In summary, the Basel Committee has decided that the IRR Principles need to be updated to reflect changes in supervisory and market practices that have occurred since the IRR Principles were first published. The proposed updates to the standards include the following:
- Further guidance to be provided on the expectations for banks IRRBB management process, with particular regard to how banks respond to shock and stress scenarios. Additional guidance to be provided on modelling assumptions and the internal validation process that banks use for their internal measuring.
- Further disclosure to be made by the banks, including the impact of interest rate shocks on their change in economic value in equity and net interest income, in order to secure greater transparency, consistency and comparability in the measurement and management of IRRBB.

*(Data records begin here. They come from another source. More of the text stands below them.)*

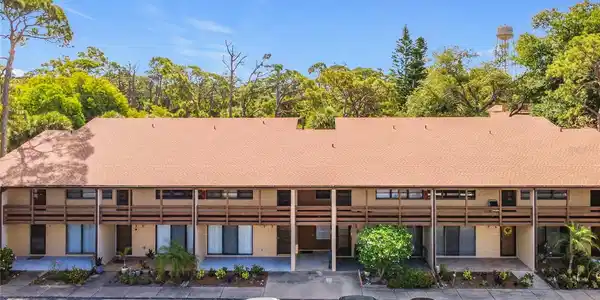 5 QUAILS RUN BOULEVARD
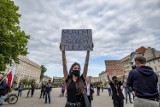 Protest "Dziś Tuleya, jutro Ty" w Poznaniu. Uczestnicy wstawili się za sędzią, który sprzeciwiał się rządowym reformom sądownictwa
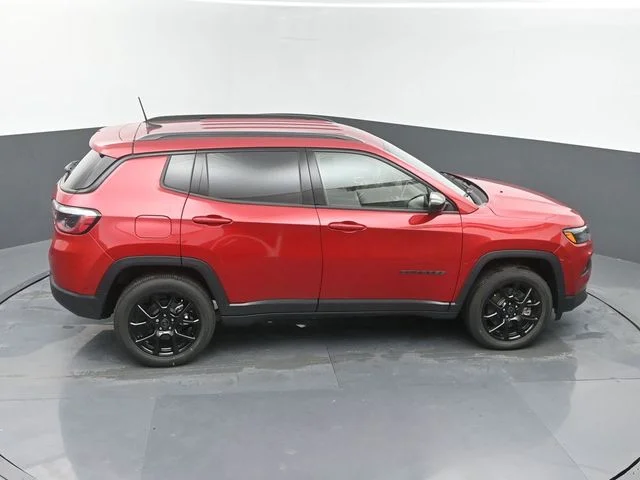 New 2026 Red Hot Pearl-Coat Exterior Paint Jeep Latitude image 38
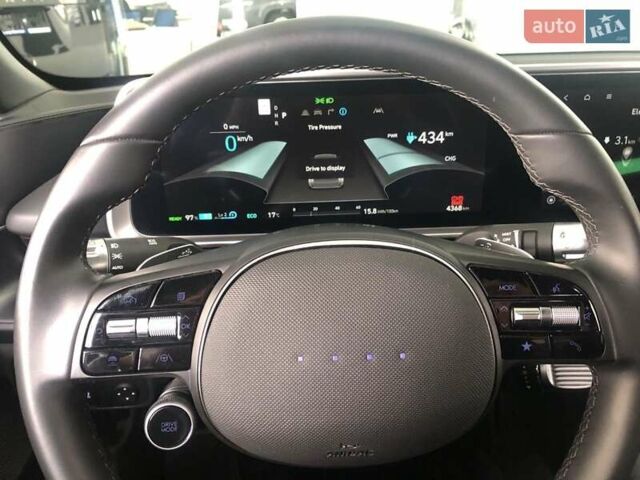 Чорний Хендай IONIQ 6, об'ємом двигуна 0 л та пробігом 4 тис. км за 27500 $, фото 9 на Automoto.ua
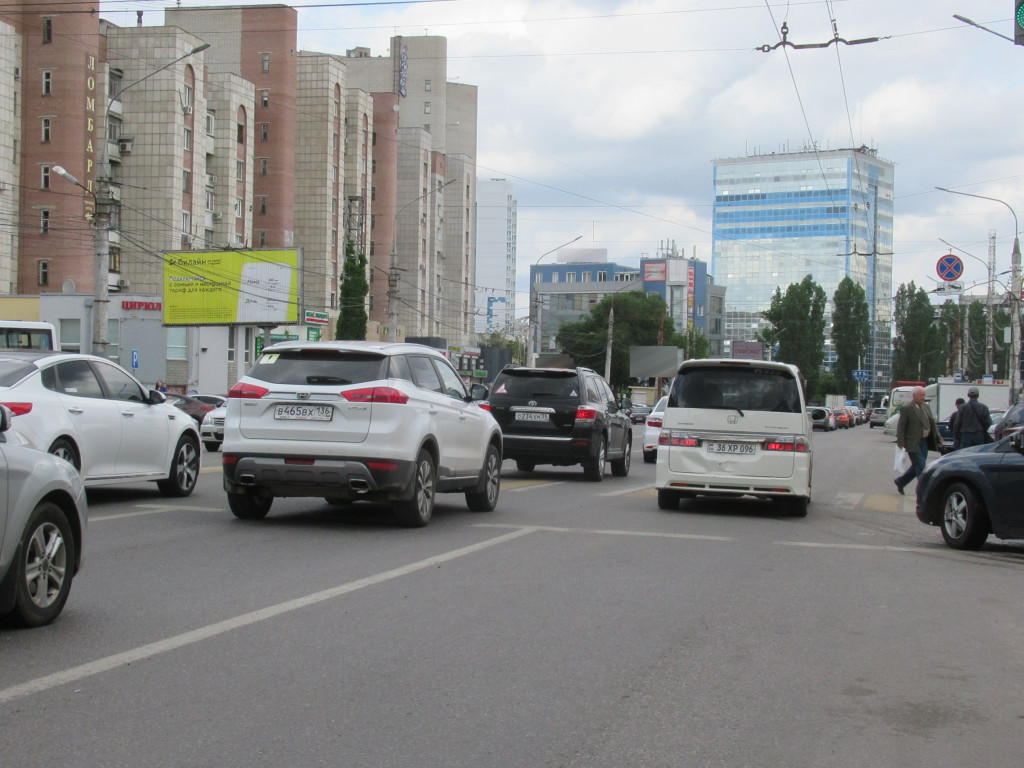 Фотография рекламного носителя, тип: Билборд 3x6, адрес: Ленинский пр-т., д.111, Воронеж, Воронежская область, Россия. Сторона Б1-Б3 №111750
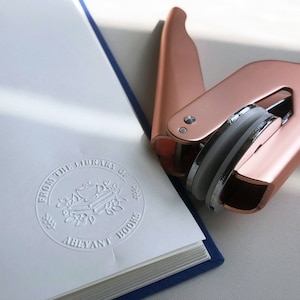 Buch Prägung Personalisiert, Prägung für Bücher, Benutzerdefinierte Buch Stempel, Buch Prägung, Buch Liebhaber Geschenk, Bibliothek Prägung Stempel, Aus der Bibliothek von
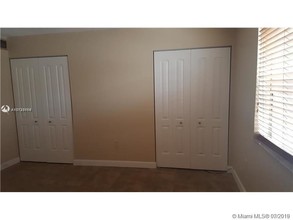 301 NW 177th St-Unit -123 in Miami, FL - Building Photo - Building Photo
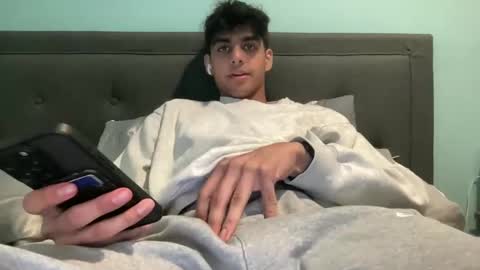 raymondg8596 online show from 02.04.25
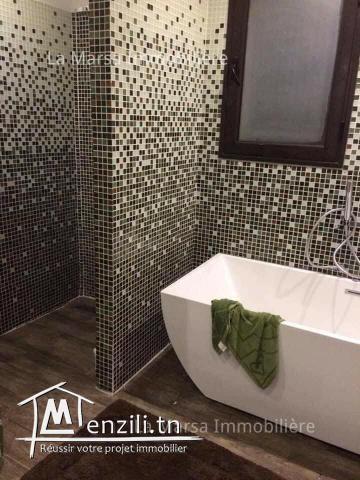 A louer villa s4 avec piscine et jardin, La Soukra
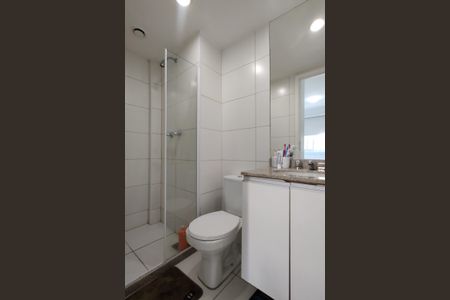 Apartamento à venda com 68m², 2 quartos e 1 vaga Apartamento à venda com 68m², 2 quartos e 1 vagaBanheiro da Suíte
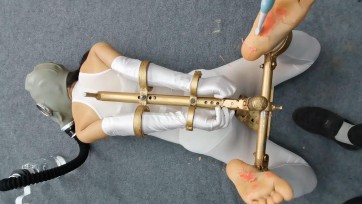 【HD飞天原创】云儿五花紧缚驷马热身，觉的不够刺激、来个超级刺激的，K9架紧固脚底滴腊，强行带上防毒面具连接到负压瓶上，惨遭拍打、TK，痛苦难忍，无法形容......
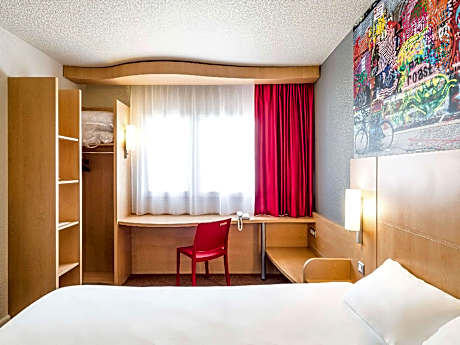 Standard Room with 1 double bed and sofa bed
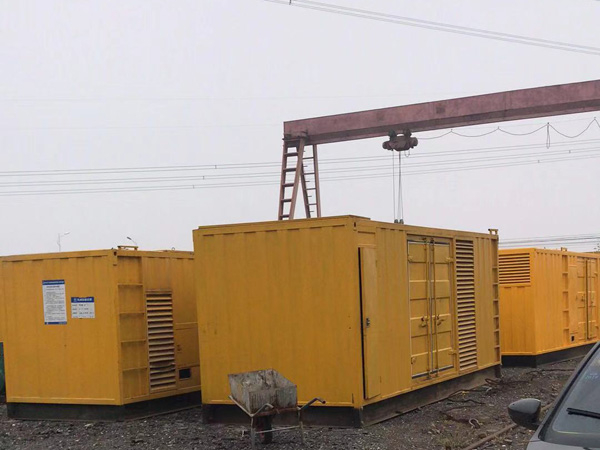 和田100kw柴油发电机组每小时油耗？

- Supervisors to consider the updated supervisory review process when assessing banks’ management and level IRRBB exposure. Supervisors have two options; they can either mandate their banks to follow the framework or banks can adopt the framework of their own volition.
- Supervisors required to publish their criteria to identify outlier banks. The threshold for identifying an outlier bank has become more draconian as a result of it reducing from 20% of a bank’s total capital to 15% of a bank’s tier 1 capital.
Banks are expected to implement the above IRRBB standards by 2018.